The effects of surgery, radioiodine, and external radiation therapy on the clinical outcome of patients with differentiated thyroid carcinoma

R W Tsang, J D Brierley, W J Simpson, T Panzarella, M K Gospodarowicz, S B Sutcliffe
Cancer 1998 January 15, 82 (2): 375-88

BACKGROUND: The aim of this study was to determine the prognostic factors for local failure and cause specific survival in differentiated thyroid carcinoma and the impact of surgery, radioiodine, and external beam radiation therapy (RT) when used as part of the initial management.

METHODS: The authors reviewed the records of 382 patients with differentiated thyroid carcinoma (papillary, 262; follicular, 120) managed at the Princess Margaret Hospital (PMH) between 1958 and 1985. There were 220 patients with Stage I or II, 102 with Stage III, and 33 with Stage IV disease (according to 1987 staging criteria of the International Union Against Cancer). The median duration of follow-up was 10.8 years. Potentially important prognostic factors for cause specific survival (CSS) and local relapse free rate (LRFR) were tested by multivariate regression analysis with emphasis on treatment factors.
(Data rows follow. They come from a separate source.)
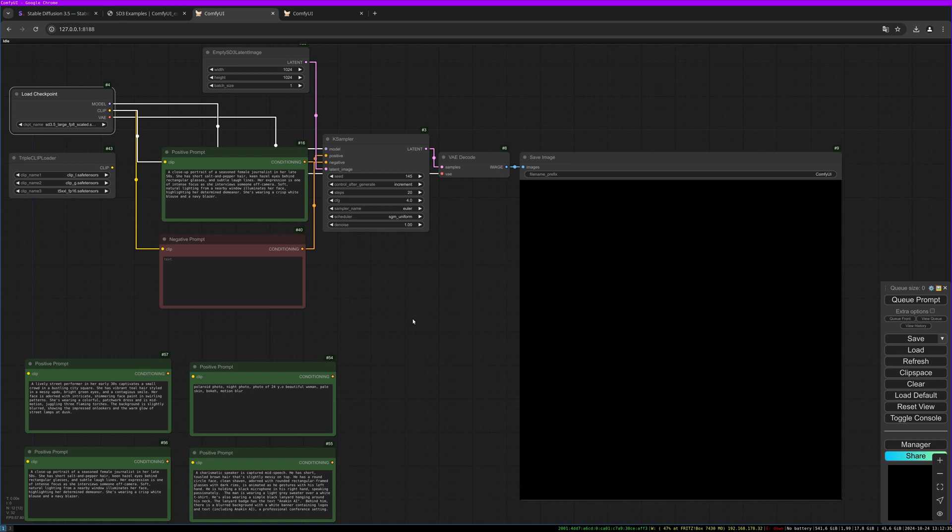So what do you think about the new Stable Diffusion 3.5 after the fail with 3.0 and all the licensing things? What do you think of it now? Do you like it more than Flux? There will be more videos on Stable Diffusion 3.5 in the future so stay tuned. Hit the like button, subscribe, and check out my Patreon page. All the links and models are linked in the description below. Thanks for watching, see you soon, goodbye.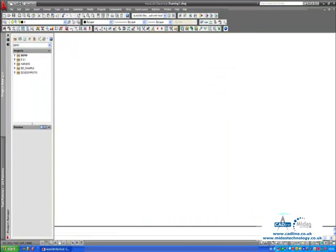There is a project manager built into AutoCAD Electrical, and in some ways a good analogy of a project manager is the road atlas. If you think about a road atlas, roads are uniquely numbered. The roads go from one page to another, and there will be a page reference advising which page those roads are going off to.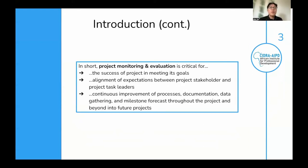In short, project monitoring and evaluation is critical for the successful project in meeting its goals, the alignment of expectations between the project and project stakeholders and task leaders, as well as continuous improvement of processes, documentation, data gathering, and milestone forecasts throughout the project and beyond into future projects.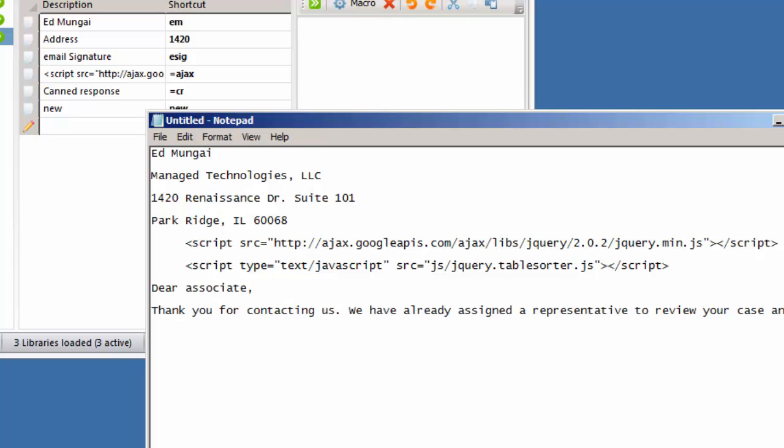Hit the shift key and: dear associates, if you're the HR department, thank you for contacting us. We have already assigned a representative, blah blah.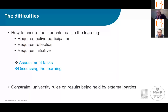At the end of each class we recap the key takeaways students have identified, making the learning really explicit. The assessment tasks are very important in helping students realise the learning. The other difficulty was that our university, like most Australian universities, has rules around assessment marks being held by external parties. So we had to create assessment outside of the Monsoon Sim game for marking, recorded on our own learning management system. We chose not to use the built-in multiple choice quizzes for that reason.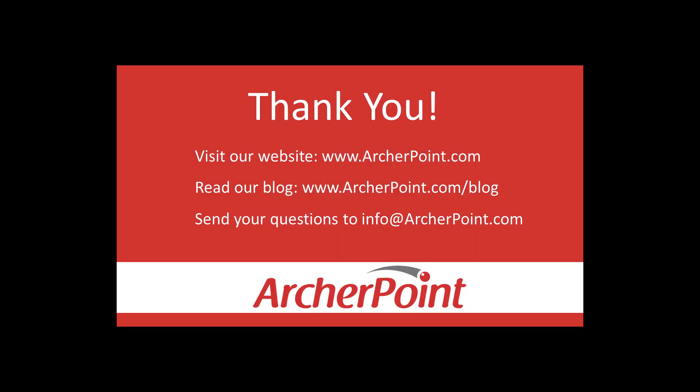Thanks for watching this Archer Point video. If you found it helpful, make sure to check out our website and blog at www.archerpoint.com. Additionally, if you have any questions regarding our products, services, or information in this video, feel free to email us at info@archerpoint.com.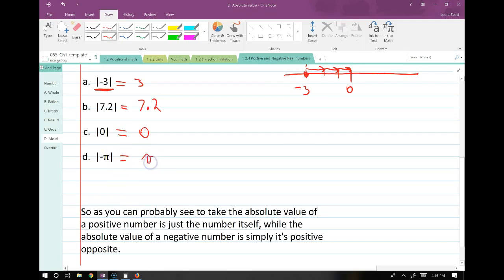To compute any absolute value, you just spit out the positive version of that number. If you're looking at the absolute value of negative 600, it's positive 600. Nothing changes with positive numbers, but with negative numbers you just get rid of the negative. That's all you've got to do to calculate the absolute value.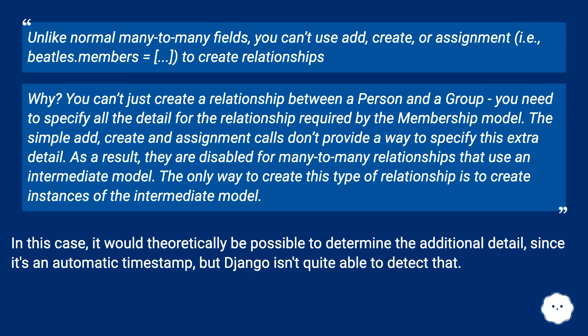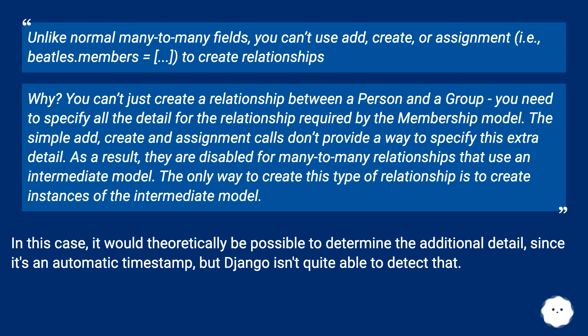Unlike normal many-to-many fields, you can't use add, create, or assignment to create relationships. You can't just create a relationship between a person and a group; you need to specify all the detail for the relationship required by the membership model. The simple add, create, and assignment calls don't provide a way to specify this extra detail.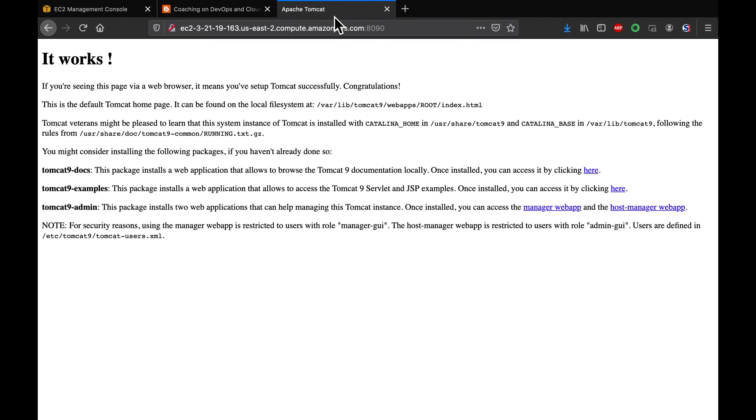Awesome, guys. That's how you would change the default port number for Tomcat. Thank you for watching.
RESULTS: For patients with papillary tumors, the 10-year CSS and overall survival were 93% and 85%, respectively; for those with follicular tumors, they were 69% and 56%. The LRFR for both histologic types were 86% at 10 and 15 years. Age >60 years, tumor size >4 cm, poor differentiation, postoperative presence of macroscopic residual disease, and presence of distant metastasis at presentation were identified in multivariate analysis as statistically significant factors for cause specific death. Age >60, tumor size >4 cm, multifocality, postoperative residuum, lymph node involvement, less extensive surgery (less than near-total thyroidectomy), and the lack of use of radioiodine were significant with regard to locoregional failure. The use of external RT was associated with more advanced local disease. There were no statistically significant differences in CSS or LRFR between patients who received RT and those who did not, even after adjustment for identified prognostic factors. In the subgroup of 155 patients with papillary histology and microscopic residuum, both 10-year CSS (100% vs. 95%, P = 0.038) and LRFR (93% vs. 78%, P = 0.01) were higher for patients given RT than for those not given RT. The 33 patients with macroscopic residual disease who received postoperative RT had a 5-year LRFR of 62% and CSS of 65%.

CONCLUSIONS: The prognostic factors for differentiated thyroid carcinoma have been clearly identified. Initial total thyroid ablation with total thyroidectomy and radioiodine was associated with a lower rate of local relapse, although CSS was unaffected. Many patients at risk for local recurrence received postoperative RT, which did not significantly affect the risk of local relapse or CSS in the entire group. A beneficial effect of RT was demonstrated in the subgroup of patients with papillary tumors and microscopic residuum. Patients with postoperative macroscopic residual disease appeared to benefit from RT (with or without radioiodine). A Phase III trial involving patients at high risk for local recurrence is required to assess the potential benefit of RT.